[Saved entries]
# # #

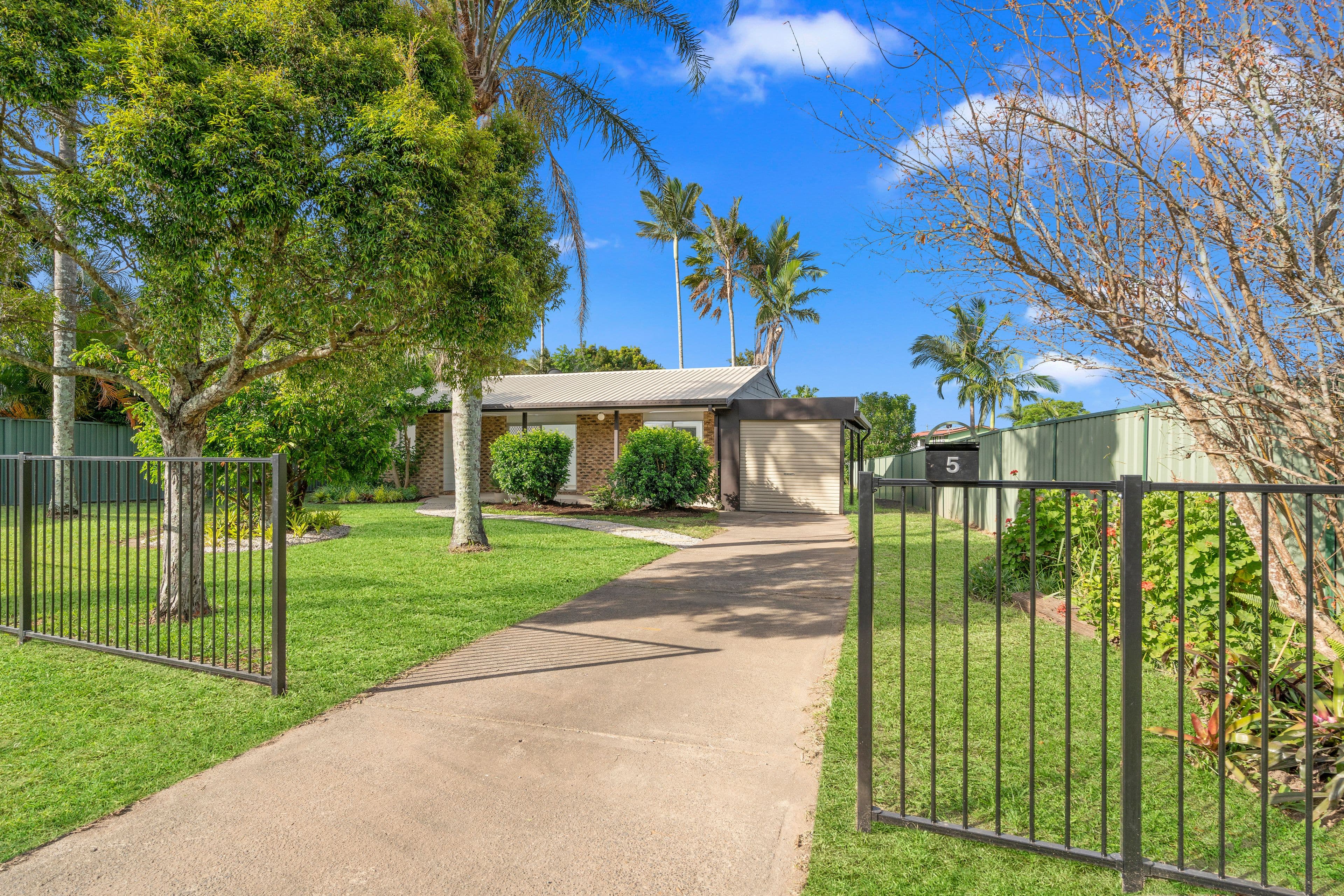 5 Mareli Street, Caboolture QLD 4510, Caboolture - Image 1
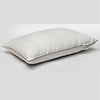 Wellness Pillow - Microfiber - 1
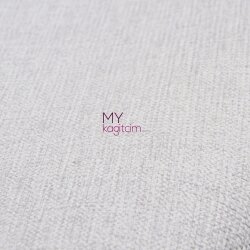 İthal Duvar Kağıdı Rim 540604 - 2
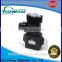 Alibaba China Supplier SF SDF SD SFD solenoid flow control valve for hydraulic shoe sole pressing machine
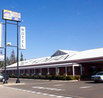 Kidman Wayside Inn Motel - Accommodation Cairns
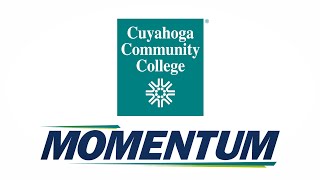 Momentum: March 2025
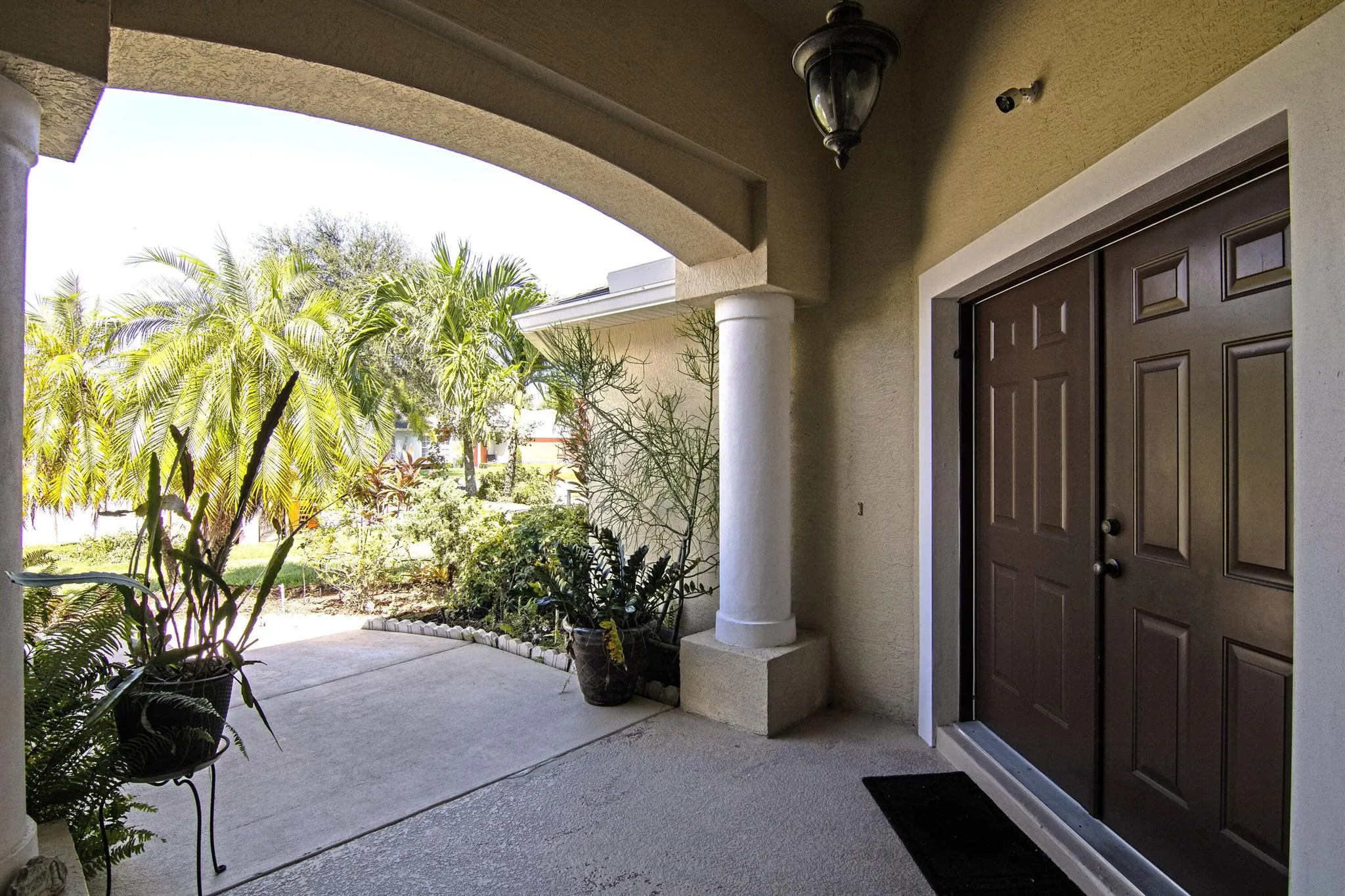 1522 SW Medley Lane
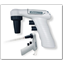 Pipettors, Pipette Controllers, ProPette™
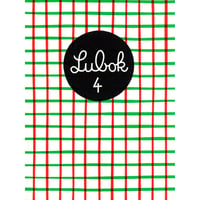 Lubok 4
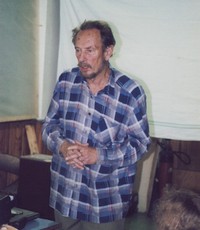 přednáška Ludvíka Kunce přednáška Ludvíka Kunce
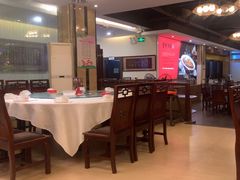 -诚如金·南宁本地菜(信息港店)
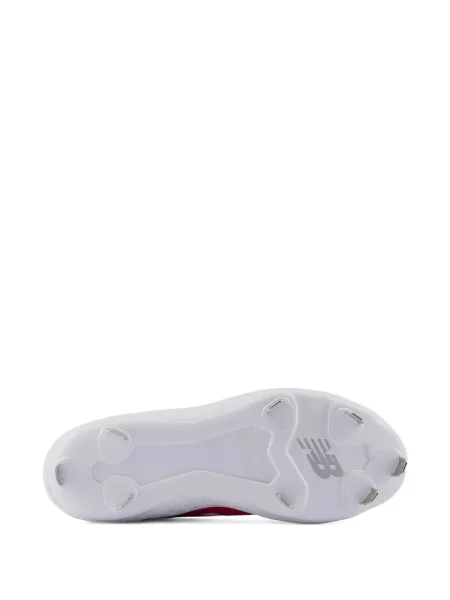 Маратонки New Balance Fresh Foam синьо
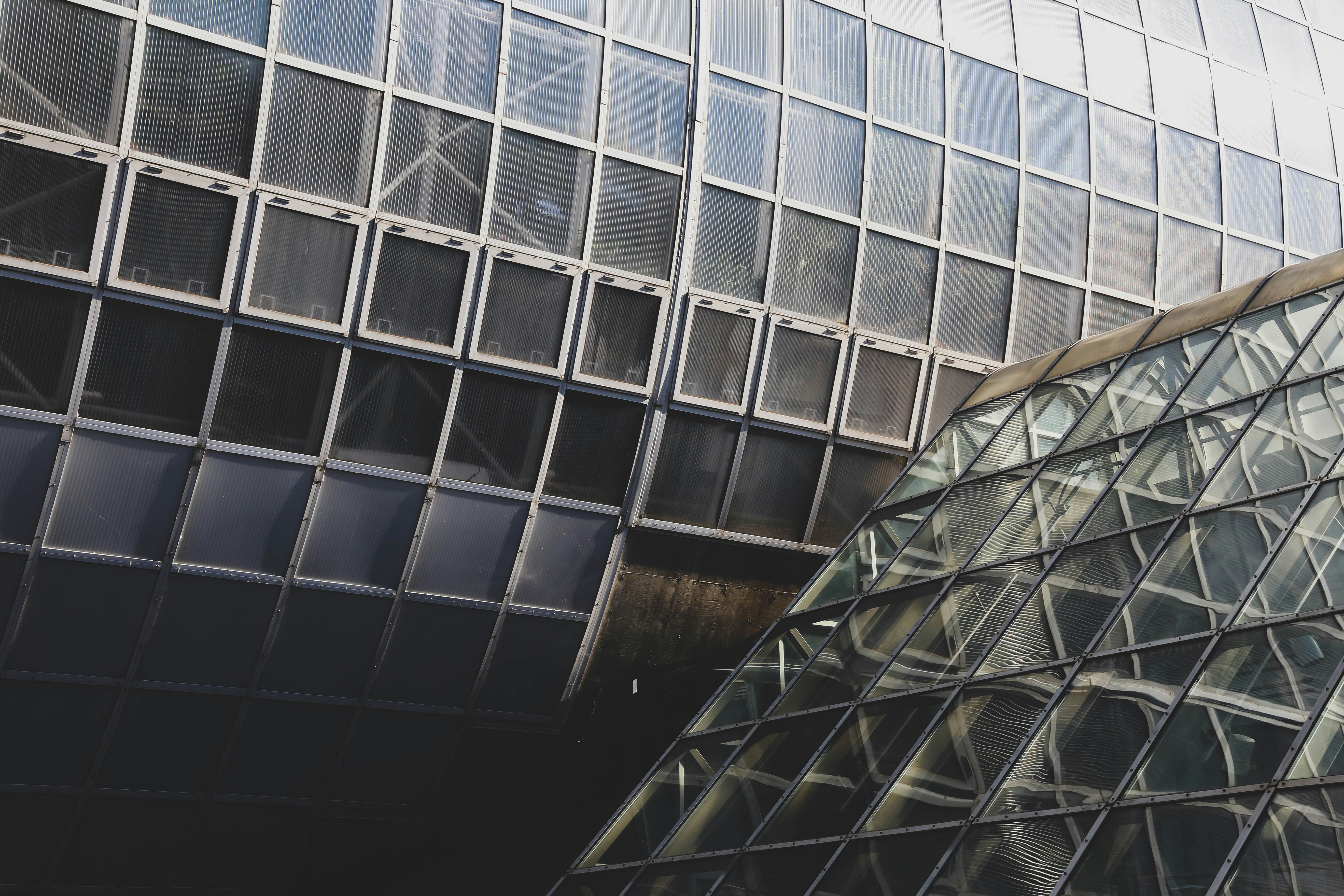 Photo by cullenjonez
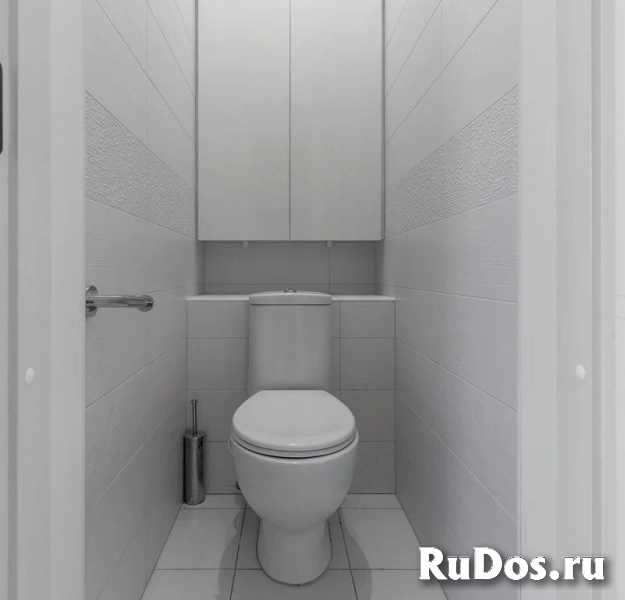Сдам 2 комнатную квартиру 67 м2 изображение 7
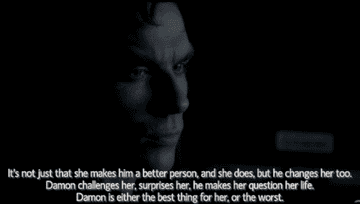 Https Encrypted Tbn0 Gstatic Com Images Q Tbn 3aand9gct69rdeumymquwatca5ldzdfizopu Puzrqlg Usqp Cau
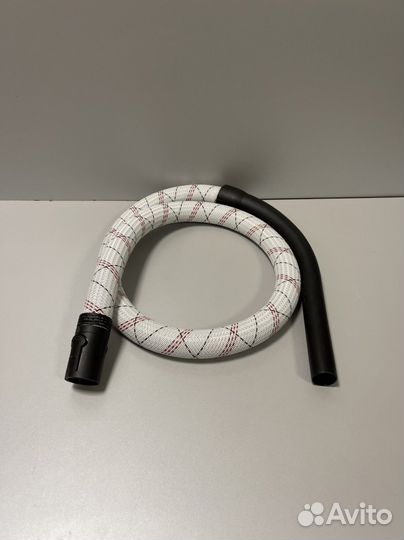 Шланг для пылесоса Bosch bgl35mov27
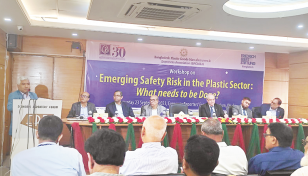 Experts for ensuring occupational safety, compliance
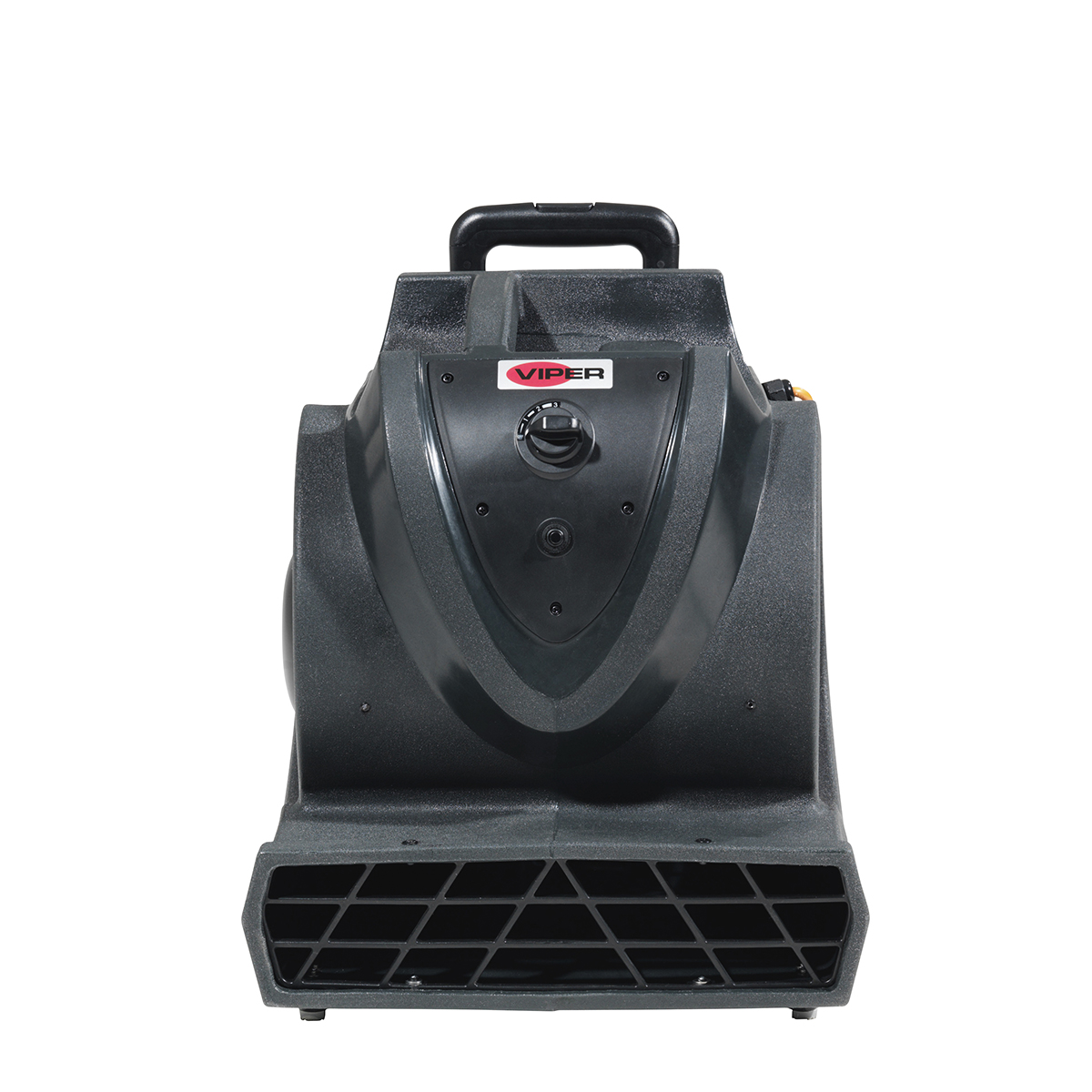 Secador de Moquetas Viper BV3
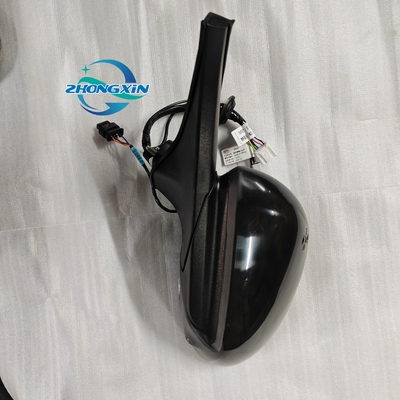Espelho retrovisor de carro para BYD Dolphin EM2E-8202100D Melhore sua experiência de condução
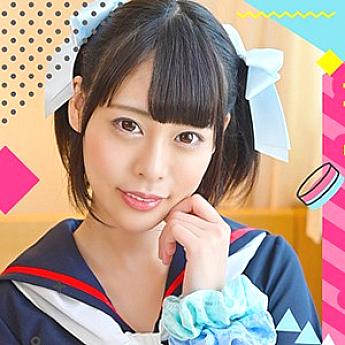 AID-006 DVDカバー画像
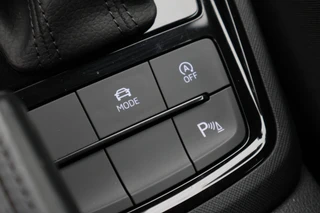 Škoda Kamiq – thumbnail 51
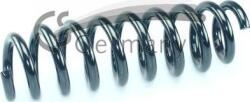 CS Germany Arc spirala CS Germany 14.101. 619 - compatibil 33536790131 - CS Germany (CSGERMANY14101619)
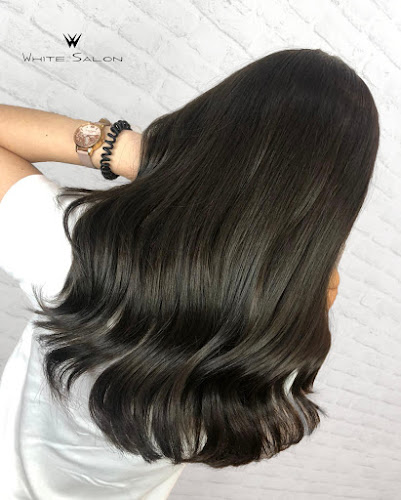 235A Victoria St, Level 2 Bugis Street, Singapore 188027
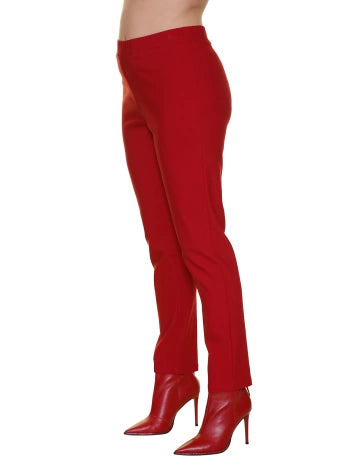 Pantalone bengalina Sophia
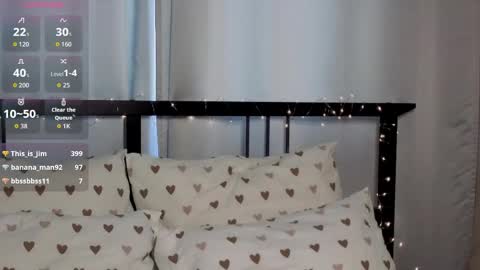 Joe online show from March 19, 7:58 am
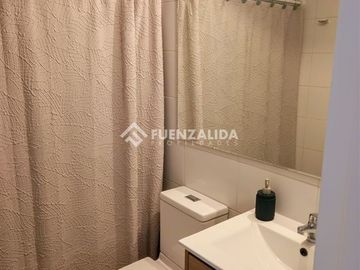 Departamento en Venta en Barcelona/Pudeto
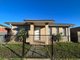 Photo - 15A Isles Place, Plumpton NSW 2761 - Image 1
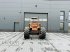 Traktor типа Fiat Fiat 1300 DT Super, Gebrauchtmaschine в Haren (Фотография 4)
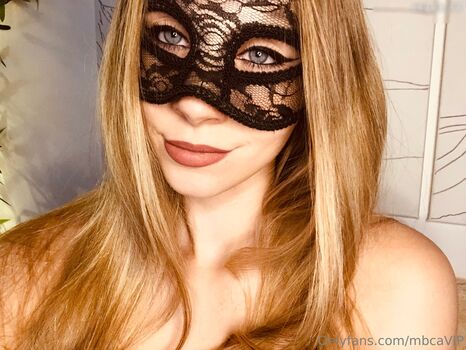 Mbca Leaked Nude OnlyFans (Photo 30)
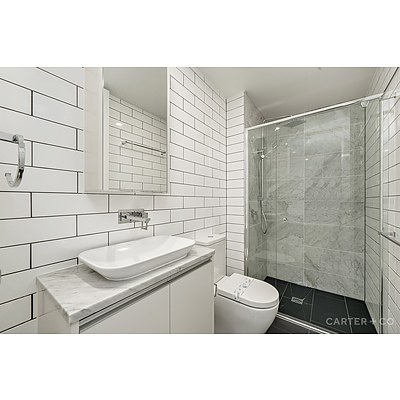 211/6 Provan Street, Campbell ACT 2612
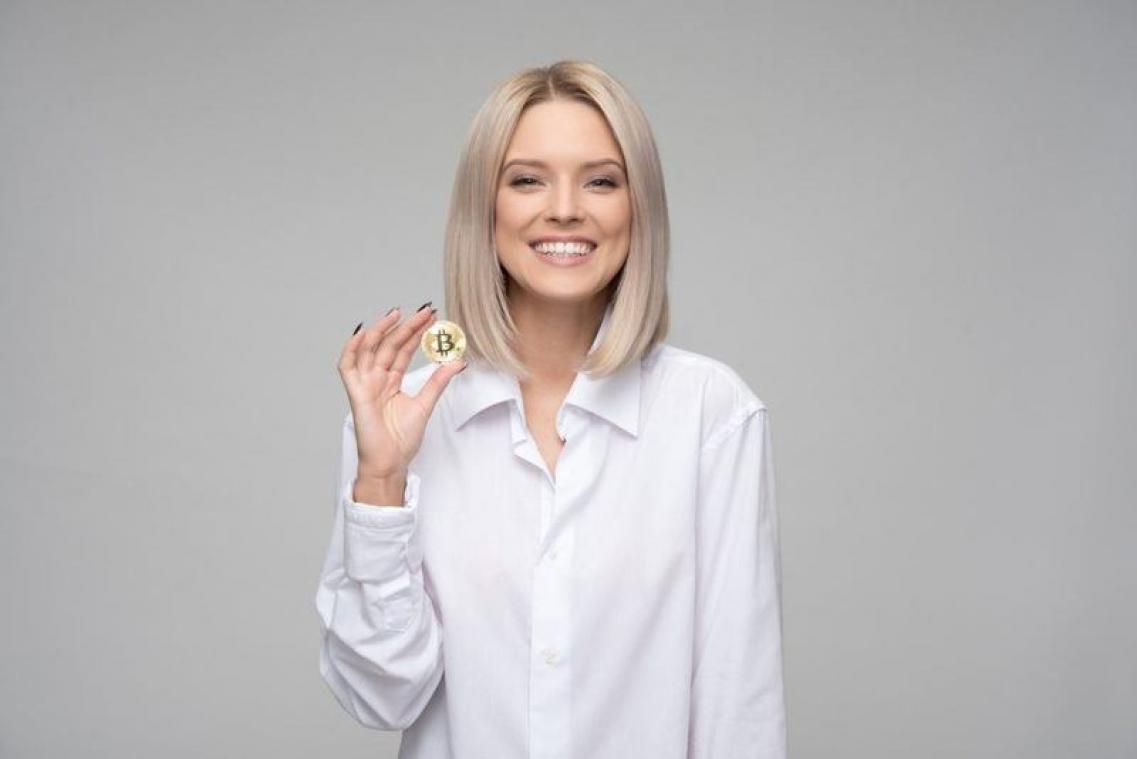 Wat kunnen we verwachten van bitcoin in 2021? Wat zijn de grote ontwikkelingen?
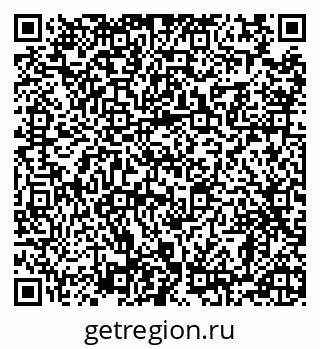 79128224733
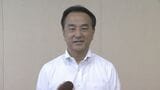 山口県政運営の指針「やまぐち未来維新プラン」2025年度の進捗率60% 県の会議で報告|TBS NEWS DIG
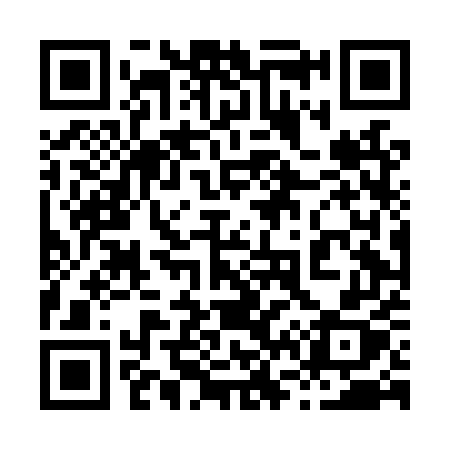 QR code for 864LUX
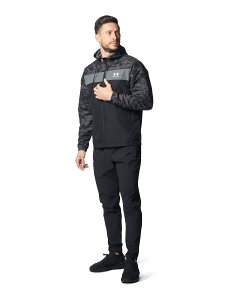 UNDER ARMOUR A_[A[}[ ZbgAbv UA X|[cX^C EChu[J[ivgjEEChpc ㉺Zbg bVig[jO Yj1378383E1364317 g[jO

# # #

* ASSIGNED TASK
Reproduce exactly, with nothing added, the lines from the line with "Wat kunnen we" through the end of the entries above; pictures are to be left out.

* TASK ANSWER
 Wat kunnen we verwachten van bitcoin in 2021? Wat zijn de grote ontwikkelingen?
 79128224733
 山口県政運営の指針「やまぐち未来維新プラン」2025年度の進捗率60% 県の会議で報告|TBS NEWS DIG
 QR code for 864LUX
 UNDER ARMOUR A_[A[}[ ZbgAbv UA X|[cX^C EChu[J[ivgjEEChpc ㉺Zbg bVig[jO Yj1378383E1364317 g[jO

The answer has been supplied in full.